I'm not sure what you mean here. Do you mean to say that 90% of writers/people never sell a story? And the ratio of stories written to stories sold is 50:1?
.
No, I mean that the average selling writer had to write fifty short stories before writing one that was good enough, and that fit the markets well enough.
For most, learning how to write well enough to sell in an
extremely tough area takes time. Learning how to give editors the kind of stories they really want can take even more time.
Now and then, a writer does sell a first short story, or a second or a third, but the simply fact is that every now and then someone comes along who learns how to do anything extremely fast.
The short story market is the second toughest on earth to crack, if you mean paying markets. Only magazine poetry is tougher. Paying markets receive a lot of submissions, and most of them constantly receive stories from the best writers on earth. Space is limited, so in order to publish a story by a new writer, an editor has to reject a story by a well-known writer. Probably a dozen or more stories by well-known writers.
This means your story must, in some way, be better than all the stories the editor sees not only from hundreds of other new writers, but also better than the stories the editor receives from well-known writers during that submission period. Not as good as, but
better.
This is the difference between short story and novel publishing. When you write a horror novel, the publisher does not have to reject Stephen King in order to buy and publish your novel. With short stories, however, an editor can buy and publish only a few short stories per issues, Rarely fore than five, and often only one or two, depending on the mag. In his submitted stories stack there may well be a story by Stephen King, and often as many as three dozen othe rstories by writers with names and reader would recognize.
There will probably be another bunch of stories by writers who aren't famous, but who do have some good credits.
Even if the editor could buy ten stories, he's still going to have to reject some proven, well-known writers in order to buy yours.

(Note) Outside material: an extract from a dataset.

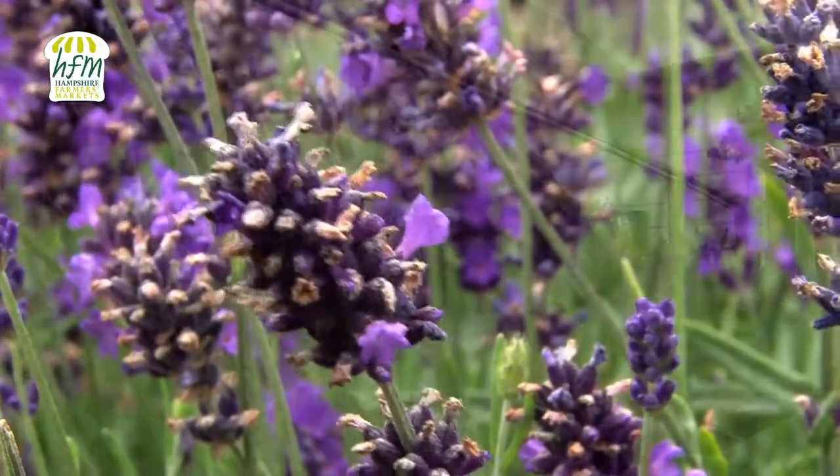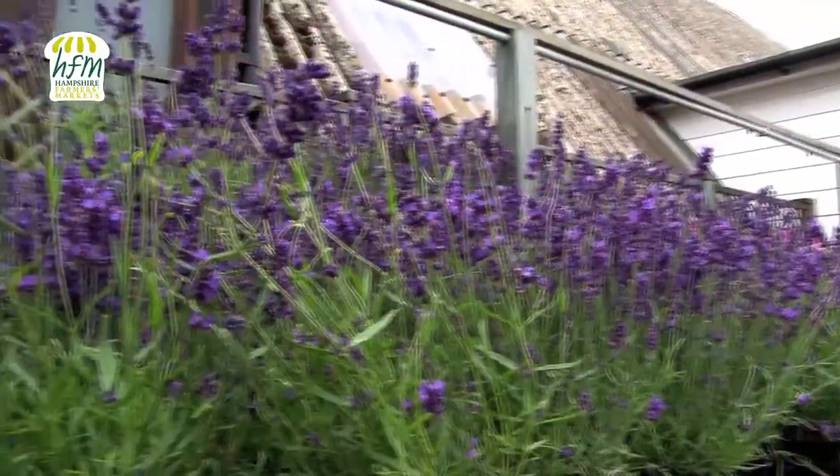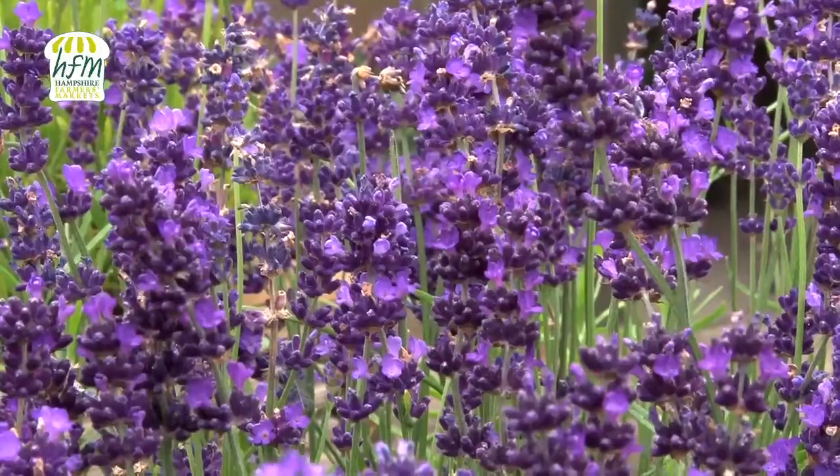We always find the Hampshire markets very well organised. We go to Winchester, Petersfield, and Alton — the three main ones that we do in Hampshire now.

This doesn't even count the hundreds of other new writers who also submitted stories during that submission period.
Fortunately, this is possible, of course, but rarely on a first, or second, or even a twentieth story. It happens only after a writer gains the skill to match his talent, and when he learns to not only write well, but to write stories that fit the markets. This is not always the same thing.

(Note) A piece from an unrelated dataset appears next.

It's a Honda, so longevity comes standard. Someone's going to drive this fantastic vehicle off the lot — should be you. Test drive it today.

And, realistically, there are
millions of short story writers out there. Numbers alone mean that only a very small percentage will ever sell a short story to a paying market, let alone to a large, credit worthy market. And only the top one or two or three percent, maximum, can do so reliably and at all often.
A lot of writers think selling a short story is easier than selling a novel. For a tiny few, it is, simply because some people write short stories well, but do not write novels well. For the great majority of writers, however, it's a heck of a lot "easier" to sell a novel to a mainstream publisher than it is to sell a short story to a credit worthy magazine.
The only reason good short story credits matter is because they're so incredibly difficult for most writers to get.